Apparently NPR’s Bob Boilen has been fighting this battle since 2012. He had this to say about M. Ward’s obsession to ban cellphones: “I want to take pictures and I want to text and tweet and Instagram. I can do two things at once. I can snap a photo, shoot a minute-long video, send out a tweet or two and still thoroughly enjoy the night. I’m conscious of others around me, I turn the brightness on my phone as dim as it can go, and never shoot video longer than a minute. The idea of being at a club or a public event, standing around and not being able to silently share seems almost old fashioned to me…”

The problem is, Bob, that most fans aren’t as respectful in their attempts to document their experiences. I too have tried to be respectful when taking pictures or videos. I know I irritated people standing or sitting behind me, and for that, I am sorry. It’s also pretty clear, most people don’t give a hoot about the people around them.

Not too long ago, I wrote about the many distractions that take place at concerts these days.

In a post headlined “An Open Letter to ‘Fans’ Who Talk Incessantly Through Concerts,” I wrote: “Maybe I’m just old, maybe this is what the concert experience is now: get a group of friends together to go to a show and talk all night with the band as background; pull out your cellphone to take pictures and watch the entire concert through a 4-inch screen; call your friends who couldn’t make it, tell them all about how great the concert is, and have them listen to the show over your phone; invite more people into your chatty group, even though others have been standing in that same spot all night.”

The jungle of camera phones that come out when a performer hits the stage is beyond irritating if you actually want to pay attention at a show. To have to constantly shift your position to see around the dude who has decided to videotape the entire show… well, let’s just say I’ve gotten very close to “accidently” bumping him hoping the phone would fall out of his hands and smash on the floor.

While cameras and cellphones have been part of the concert culture for some time now, it wasn’t until the last couple years that cellphone cameras have become as powerful as the bulky camera I used to carry around. My iPhone now has the same megapixel capability as the Canon that I bought back in 2008. Everyone now is a Photographer, who can Instragram “amazing, spectacular” photos and post “cool” YouTube videos.

But… while it may be hurting the concert experience, it does provide fans with the opportunity to see intimate moments at shows we can’t be at.

So is there a fine line?

It’s important, if musicians and venues are going to try to corral the cellphone problem, that they do it gently, with explanation instead of threatening postings.

A note by the venue, saying “No cameras or videotaping. Violators are subject to blah blah blah” sounds angry and unnecessarily aggressive.
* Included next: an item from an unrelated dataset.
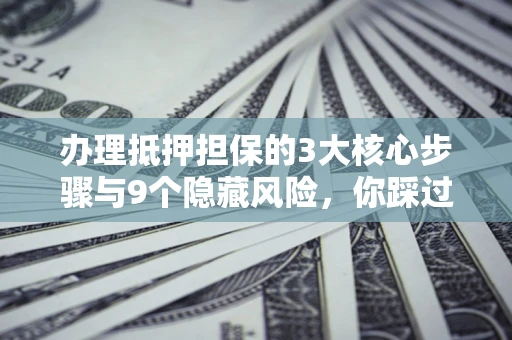 济南办理抵押担保的3大核心步骤与9个隐藏风险，你踩过哪个坑？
Artists that post similar notes comes across bitchy and unwilling to allow fans to share their favorite songs with others.

An explanation, such as the one by She & Him, acknowledges that they are looking out for their fans’ best interest: a help us/help you attitude.

A friend told me that the Dunwells asked fans not to videotape their new songs because they are still a work in progress. It was a nice explanation that may have worked.

Musicians should also remember that those YouTube videos are among their best publicity. The sharing of pictures and videos these days is one of the best ways to spread the word and the music they are trying to sell.

My feeling is: Post the gentle signs, tell the crowd from the stage to limit the picture taking, that you would like them to enjoy the live experience, and hope that fans, in turn, understand that something special happens when musicians play and fans are truly listening.

And when it does happen, let’s hope the band’s official videographer will be there to capture the moment so we can all watch it later.